Need That Article on Low Thyroid
Q: I by mistake deleted your newsletter this week and it was so very helpful re: Thyroid. I wanted to copy it and take it to my doctors because I believe I do have a thyroid problem BUT the blood work keeps coming back normal. In this article it did say the test to have the doctor order which is supposed to be a lot more accurate. If it is possible could you PLEASE e-mail that particular newsletter to me? I would much appreciate it. Thank you! - K
A: Dear K - Here are links to a couple of recent thyroid articles you might find helpful. Hope they will be!
• From the December CFS/ME HealthWatch “Are All People with ME/CFS and Fibromyalgia Low Thyroid?” by Dr. Kent Holtorf (founder of the National Academy of Hypothyroidism).
• From the September Wellness HealthWatch – “An Integrative MD’s Primer on Low Thyroid Diagnosis, Therapy & Diet,” by Dr. Richard Podell.
PS: You can always go into ProHealth's newsletter archives to find links to back issues of the ME/CFS, FM, or Wellness newsletters (www.prohealth.com/bulletins/index.cfm)
Australian Good Doctors List Needs to be Beefed Up
Australians please note, this Co-Cure listing of doctors (http://www.co-cure.org/AU_ALL.htm) includes only four names.
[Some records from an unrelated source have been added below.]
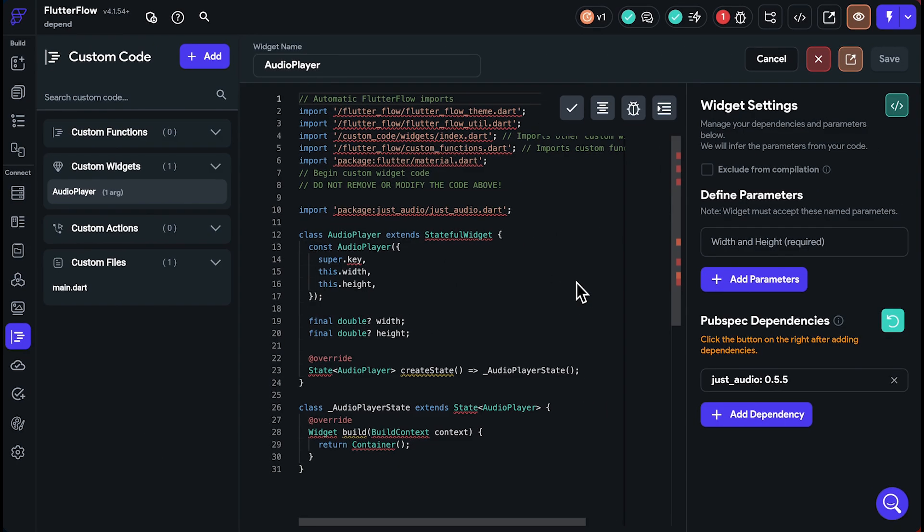However, if you import packages from pub.dev into your Flutter Flow project, like in custom actions or widgets, you might encounter dependency issues. The error might look like this.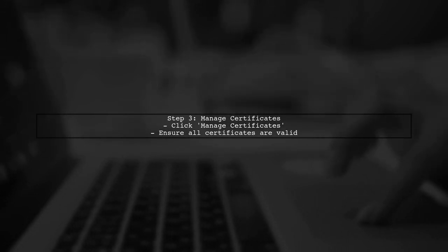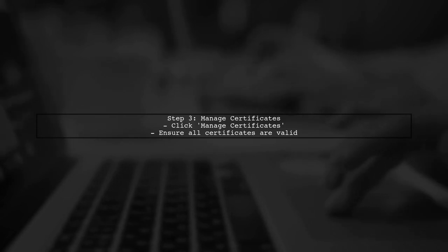Next, click on the Manage Certificates button. This will ensure that your certificates are up to date, which is essential for provisioning profiles.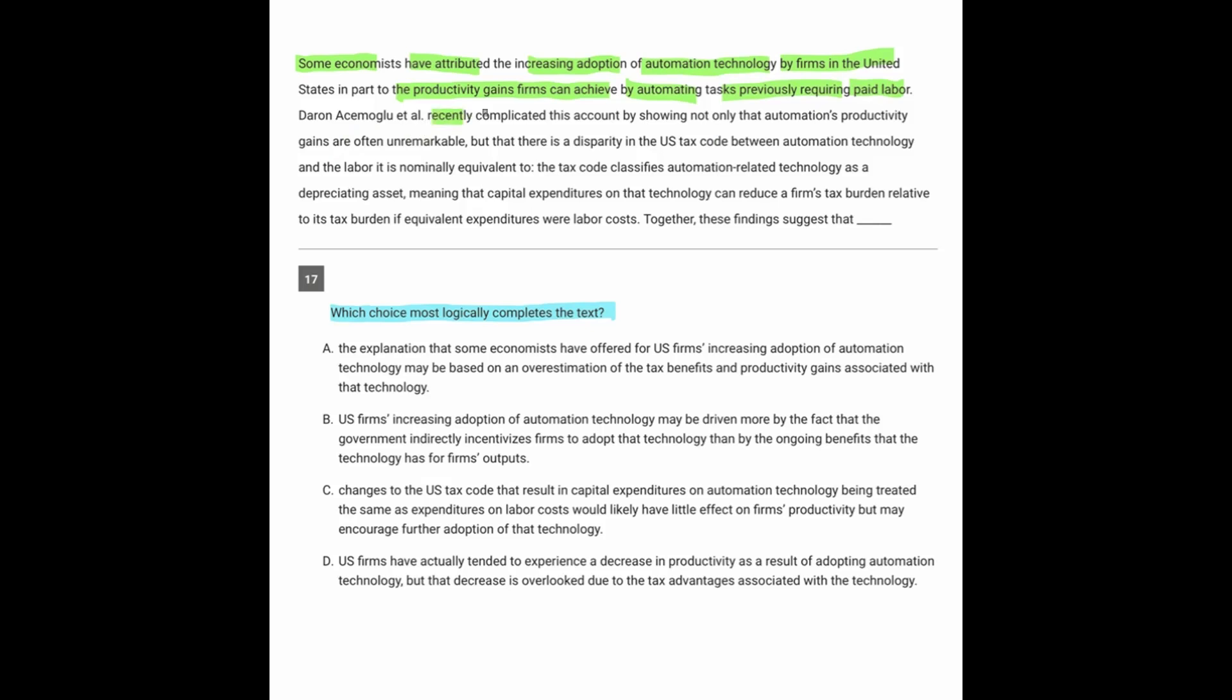These researchers recently complicated this account by showing not only that automation's productivity gains are often unremarkable, but that there is a disparity in the U.S. tax code between automation technology and the labor it is nominally equivalent to. The tax code classifies automation-related technology as a depreciating asset,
The list has not been revised since 2009, and a great deal of research is being done in Australia, so new recommendations would be a great help. Also, notes of any changes would help keep it up to date.
Not Australian? Then click on Co-Cure's international Good Doctor List Index at the bottom of Australia page and look for contacts in your area. Is your good doctor there?
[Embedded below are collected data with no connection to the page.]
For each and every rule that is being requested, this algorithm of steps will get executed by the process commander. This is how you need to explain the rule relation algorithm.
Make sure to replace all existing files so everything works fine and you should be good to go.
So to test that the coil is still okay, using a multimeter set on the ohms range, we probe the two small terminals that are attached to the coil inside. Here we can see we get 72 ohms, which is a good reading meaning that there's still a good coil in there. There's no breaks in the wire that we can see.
Columbia's Trial of Nutrients for ME/CFS Mitochondrial Repair
Re: "Trial of therapy for CFS as mitochondrial dysfunction at Columbia"
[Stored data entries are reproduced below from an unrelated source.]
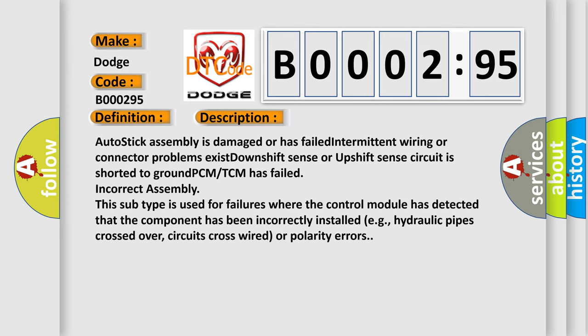Auto-stick assembly is damaged or has failed. Intermittent wiring or connector problems exist. Downshift sense or upshift sense circuit is shorted to ground. PCM-TCM has failed. Incorrect assembly. This subtype is used for failures where the control module has detected that the component has been incorrectly installed, for example, hydraulic pipes crossed over, circuits cross-wired, or polarity errors.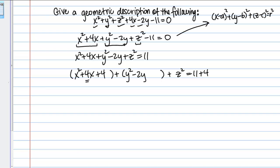Now do the same for the Y terms: Y squared minus 2Y. The coefficient of the linear term is 2. Half of 2 is 1, squared is 1, so we add 1 inside the parentheses. And we balance that by adding 1 to the other side as well.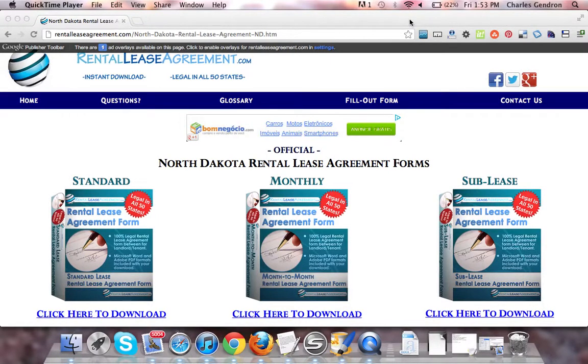Hi, welcome to RentalLeaseAgreement.com. In this video, we're going to talk about the North Dakota Rental Lease Agreement forms.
• … I have regularly been taking all of the supplements listed here for the past year (and the antioxidants regularly since onset), plus D-Ribose daily. Although I perceive that there is some positive impact on the symptoms, it's very limited, and the benefit is more in aiding recovery from crashes rather than preventative of them. However, I have been unable to improve my physical conditioning, as even small amounts of sustained exercise cause me problems every time (since relapse 2.5 yrs ago), and I think that the reconditioning aspect may be crucial in facilitating the production of better functioning mitochondria. This article was useful: www.drmyhill.co.uk/wiki/CFS_-_The_Central_Cause:_Mitochondrial_Failure - T
• Treating the symptoms or the cause? It's good to see clinical nutrition being studied as a part of the treatment plan for mitochondrial dysfunction in ME and CFS. It would be interesting to have some scientists find out why the mitochondria seem to slow down, become sluggish after an effort. To make a comparison, could mitochondria become exhausted as adrenals? - M
• For further info on why mitochondria slow down and become sluggish after exertion in CFS, the following article provides a good hypothesis. It's about the recycling of ATP from ADP and damage to cells from free radicals: http://www.drmyhill.co.uk/wiki/CFS_-_The_Central_Cause:_Mitochondrial_Failure - T
Portland's Frida Center - FM Doctors & Nurses Offer Clinic Plus Community
Here's something many other communities need. The Frida Center for Fibromyalgia in Portland, Oregon debuted its community space on December 16. Open every weekday, the Frida Center, named after FM patient Frida Kahlo, is an integrative medical clinic that now includes a space for community and non-medical activities (The Studio).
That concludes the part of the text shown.